İptal davası nasıl açılır?

Vergi ziyaının iptali davaları İdari Yargılama Usulü Kanunu’nun 3. maddesi uyarınca vergi mahkemesi başkanlıklarına hitaben yazılmış imzalı dilekçelerle açılır. Avukatlar vasıtasıyla dava açılacaksa UYAP portalı üzerinden iptal davası açılabilmektedir. Dilekçelerde aşağıdaki hususların bulunması gerekmektedir:

  • Tarafların ve varsa vekillerinin veya temsilcilerinin ad ve soyadları veya unvanları ve adresleri ile gerçek kişilere ait Türkiye Cumhuriyeti kimlik numarası
  • Davanın konu ve sebepleri ile dayandığı deliller
  • Davaya konu olan idari işlemin yazılı bildirim tarihi
  • Vergi, resim, harç, benzeri mali yükümler ve bunların zam ve cezalarına ilişkin davalarla tam yargı davalarında uyuşmazlık konusu miktar
  • Vergi davalarında davanın ilgili bulunduğu verginin veya vergi cezasının nevi ve yılı, tebliğ edilen ihbarnamenin tarihi ve numarası ve varsa mükellef hesap numarası.
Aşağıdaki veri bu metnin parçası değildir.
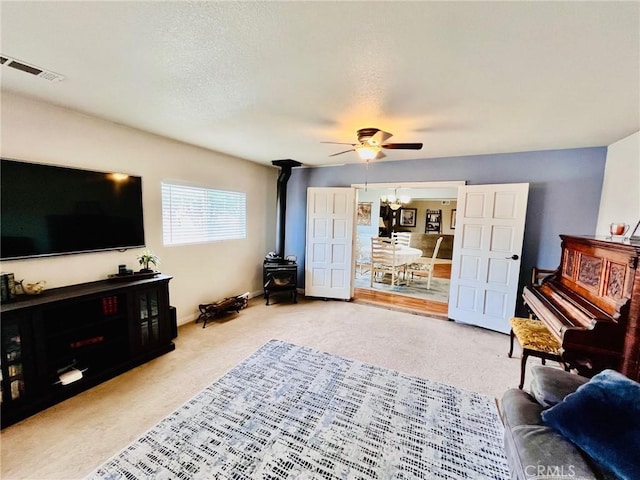 21161 Rancherias Rd, Apple Valley, CA 92307 - carpeted living area featuring a wood stove, ceiling fan, baseboards, and a chandelier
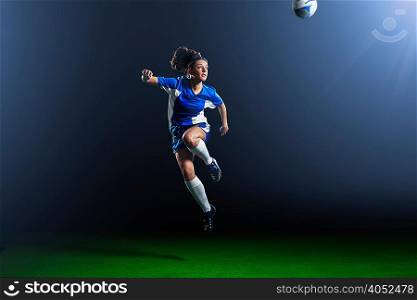 Young female soccer player mid air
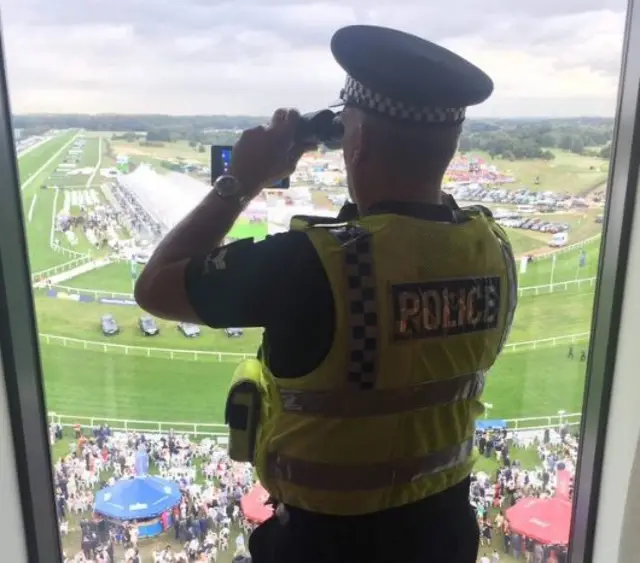 Policeman with binoculars at racecourse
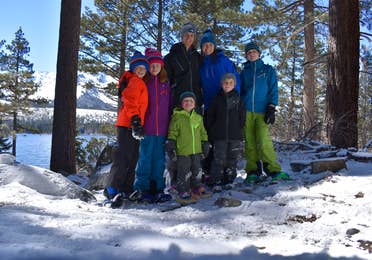 Two adults and five children stand on a snow-covered mountain wearing winter apparel.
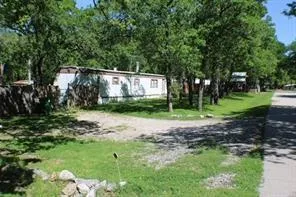 a view of a backyard with a garden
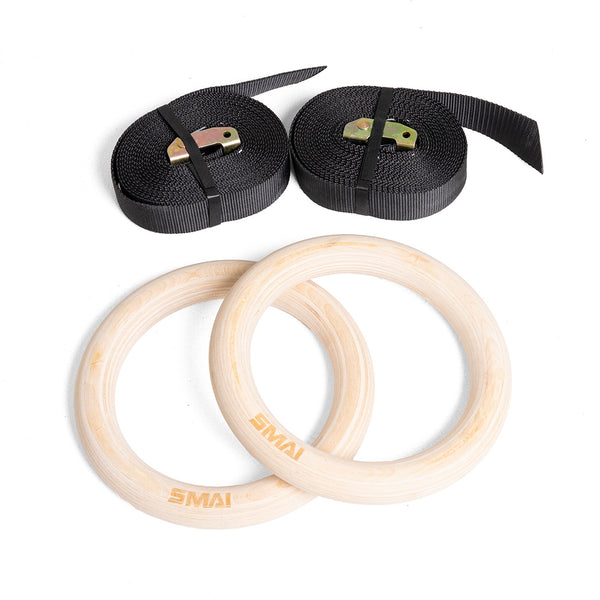 The SMAI Wooden Gym Rings with Numbered Straps include two wooden rings featuring SMAI branding and two black numbered straps with metal buckles, shown on a white background.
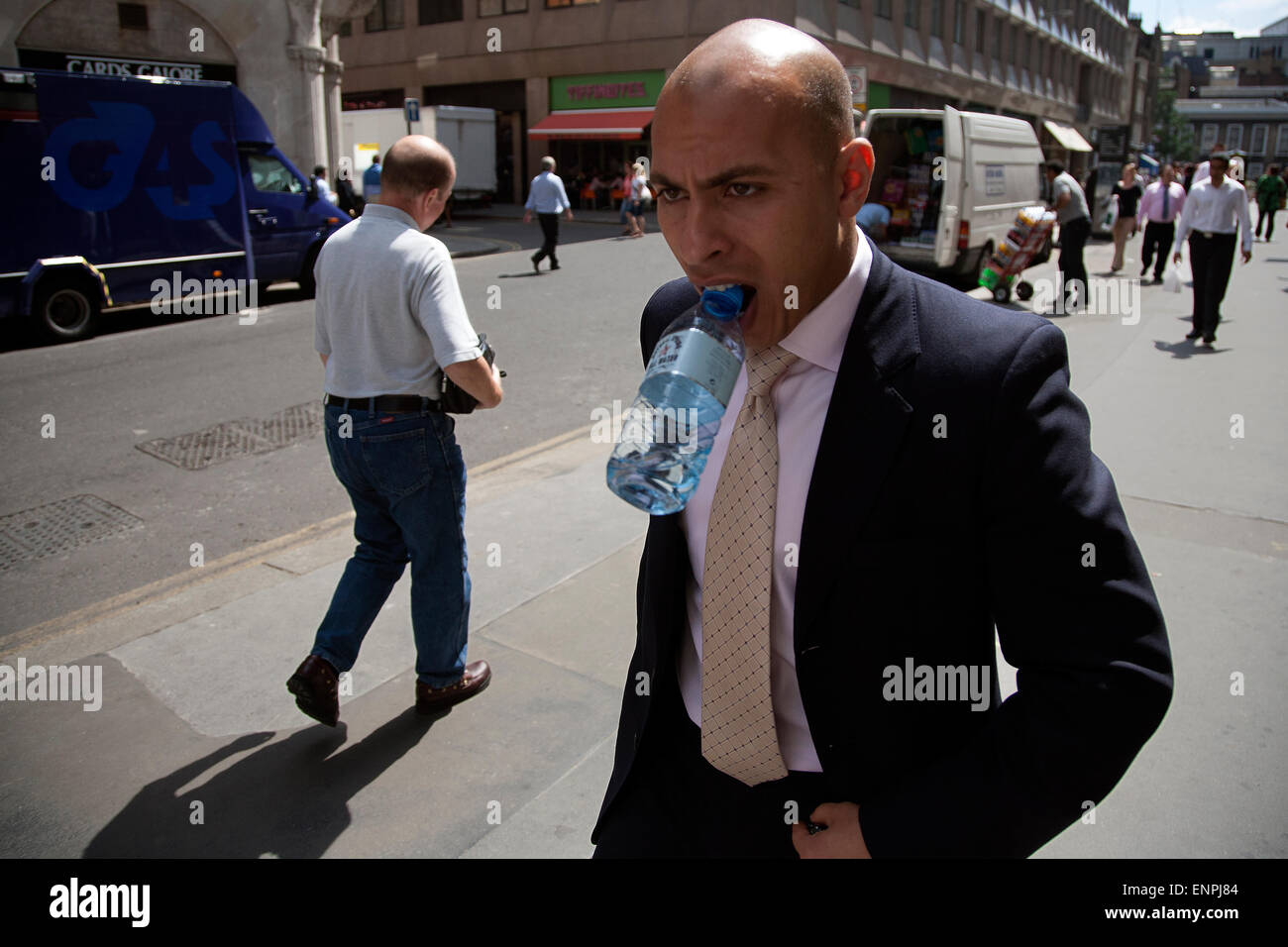 city of london man drinks water Stock Photo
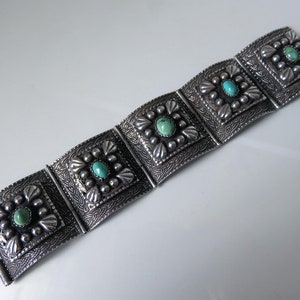 May include: A silver bracelet with five square turquoise stones set in a decorative design. The bracelet is made of linked sections that can be adjusted to fit different wrist sizes.
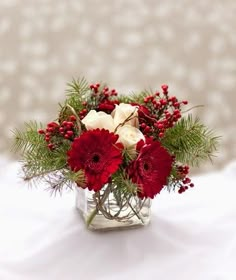 a glass vase filled with red and white flowers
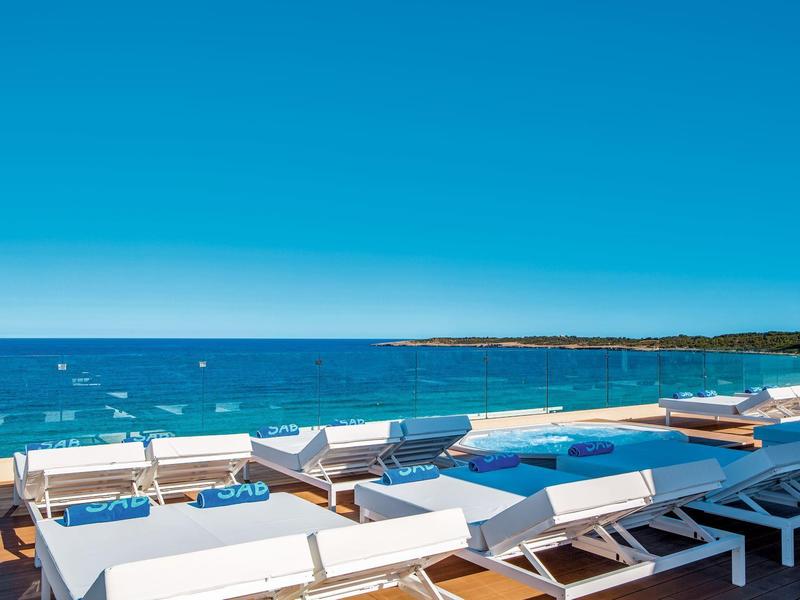 Sun loungers by the pool overlooking the blue sea and clear sky.
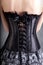 Close-up shot of woman in black corset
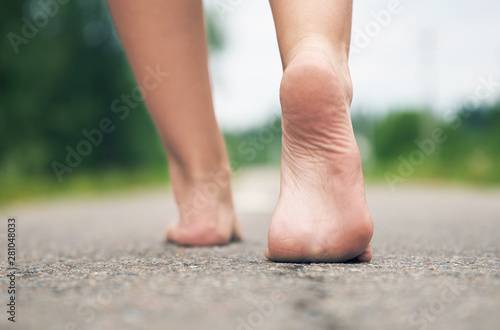 Close up of the young girl's bare feet walking along asphalt road .Rear very low angle view. © Georgy Dzyura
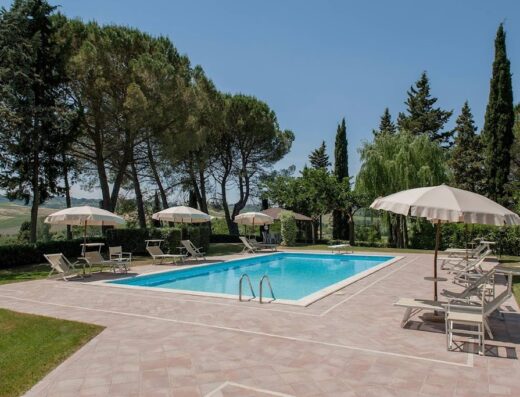 Piscina rilassante con lettini e ombrelloni presso l'Azienda Agricola e Agriturismo Vallorsi, perfetta per una vacanza immersa nel verde.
Ayrıca dava konusu kararın ve belgelerin asılları veya örnekleri dava dilekçesi ekine eklenmelidir. 

İdari Yargılama Usulü Kanunu’nun 4. maddesi uyarınca dilekçeler ve savunmalar ile davalara ilişkin her türlü evrak, Danıştay veya ait olduğu mahkeme başkanlıklarına veya bunlara gönderilmek üzere idare veya vergi mahkemesi başkanlıklarına, idare veya vergi mahkemesi bulunmayan yerlerde büyükşehir belediyesi sınırları içerisinde kalıp kalmadığına bakılmaksızın asliye hukuk hakimliklerine veya yabancı memleketlerde Türk konsolosluklarına verilebilir.
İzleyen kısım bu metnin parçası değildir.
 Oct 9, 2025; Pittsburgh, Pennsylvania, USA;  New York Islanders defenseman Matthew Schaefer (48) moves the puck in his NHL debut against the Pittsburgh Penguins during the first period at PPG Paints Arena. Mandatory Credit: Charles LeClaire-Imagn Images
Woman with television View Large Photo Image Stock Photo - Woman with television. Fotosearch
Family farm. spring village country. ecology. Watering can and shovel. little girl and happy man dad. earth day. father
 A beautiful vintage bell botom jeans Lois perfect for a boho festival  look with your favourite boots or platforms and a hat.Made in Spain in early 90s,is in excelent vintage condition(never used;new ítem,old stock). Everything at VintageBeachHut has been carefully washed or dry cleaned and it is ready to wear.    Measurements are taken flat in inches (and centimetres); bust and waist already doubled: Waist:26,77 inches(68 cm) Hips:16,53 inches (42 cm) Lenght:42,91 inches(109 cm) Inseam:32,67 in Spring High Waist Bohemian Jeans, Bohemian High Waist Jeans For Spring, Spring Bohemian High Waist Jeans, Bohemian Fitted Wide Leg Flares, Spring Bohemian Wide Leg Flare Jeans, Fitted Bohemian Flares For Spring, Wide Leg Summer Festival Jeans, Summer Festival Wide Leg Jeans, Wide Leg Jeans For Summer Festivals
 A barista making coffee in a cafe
Önemli not 2: İdari Yargılama Usulü Kanunu’nun 11. maddesi uyarınca iptal davasına başvurmadan önce üst makamlara başvurulabilmektedir. İlgililer tarafından idari dava açılmadan önce, idari işlemin kaldırılması, geri alınması, değiştirilmesi veya yeni bir işlem yapılması üst makamdan, üst makam yoksa işlemi yapmış olan makamdan, idari dava açma süresi içinde istenebilir. Bu başvurma, işlemeye başlamış olan idari dava açma süresini durdurmaktadır.
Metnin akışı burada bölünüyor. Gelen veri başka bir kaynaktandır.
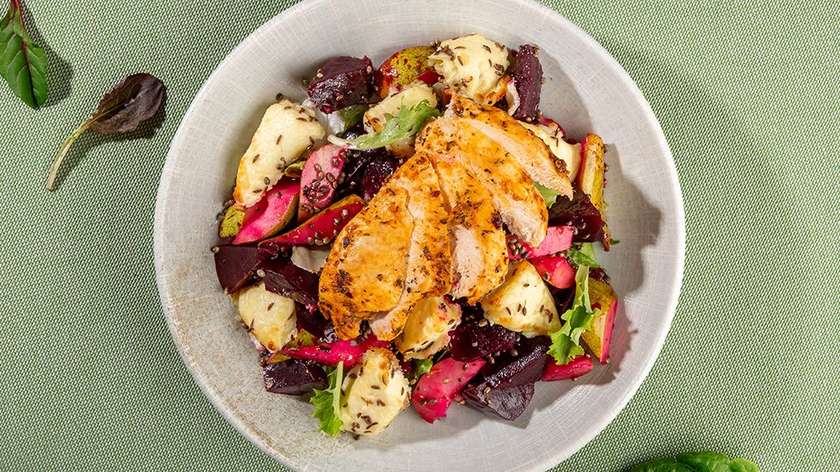 Lithuanian baked curd cheese, beet salad, and chicken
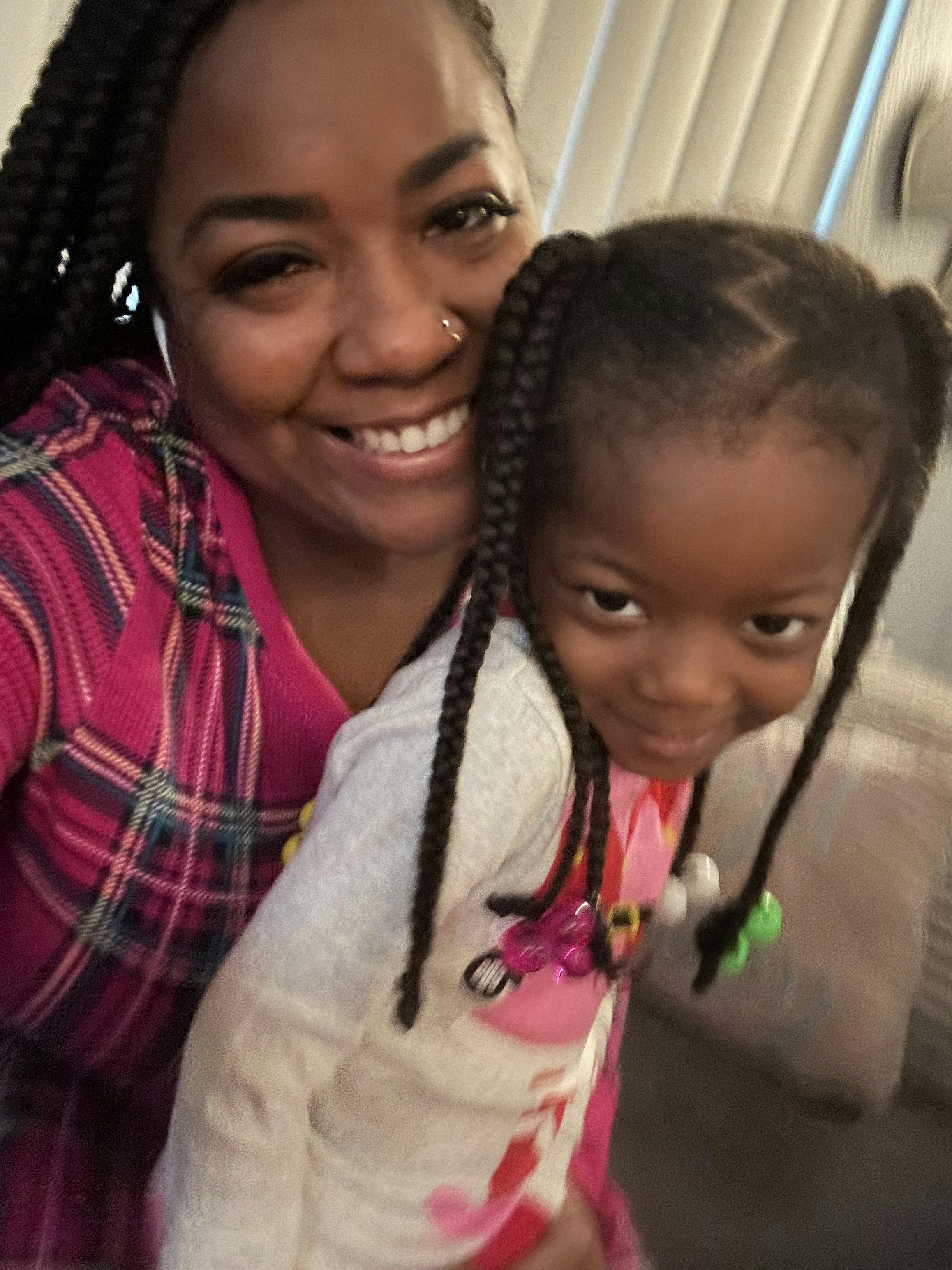 Smiling person wearing a plaid shirt holding a child with braided hair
Vergi ziyaı cezasının iptali davasında yürütmenin durdurulması

İdari Yargılama Usulü Kanunu’nun 27. maddesi uyarınca vergi mahkemelerinde, vergi uyuşmazlıklarından doğan davaların açılması, tarh edilen vergi, resim ve harçlar ile benzeri mali yükümlerin ve bunların zam ve cezalarının dava konusu edilen bölümünün tahsil işlemlerini durdurur. Ayrıca yürütmenin durdurulması kararı istenilmesine gerek yoktur.

Vergi ziyaı cezasının iptali davasında görevli ve yetkili mahkeme

Vergi ziyaı cezasının iptali davalarında görevli ve yetkili mahkemeler vergi mahkemeleridir. Dilekçeler bu mahkemelere hitaben yazılmaktadır. İdari Yargılama Usulü Kanunu’nun 9. maddesi uyarınca Çözümlenmesi Danıştay’ın, idare ve vergi mahkemelerinin görevlerine girdiği halde adli yargı yerlerine açılmış bulunan davaların görev noktasından reddi halinde, bu husustaki kararların kesinleşmesini izleyen günden itibaren otuz gün içinde görevli mahkemede dava açılabilir. Görevsiz yargı merciine başvurma tarihi, Danıştay’a, idare ve vergi mahkemelerine başvurma tarihi olarak kabul edilir. Adli yargı yerlerine açılan ve görevsizlik sebebiyle reddedilen davalarda, görevsizlik kararının kesinleşmesinden sonra birinci fıkrada yazılı otuz günlük süre geçirilmiş olsa dahi, idari dava açılması için öngörülen süre henüz dolmamış ise bu süre içinde idari dava açılabilmektedir.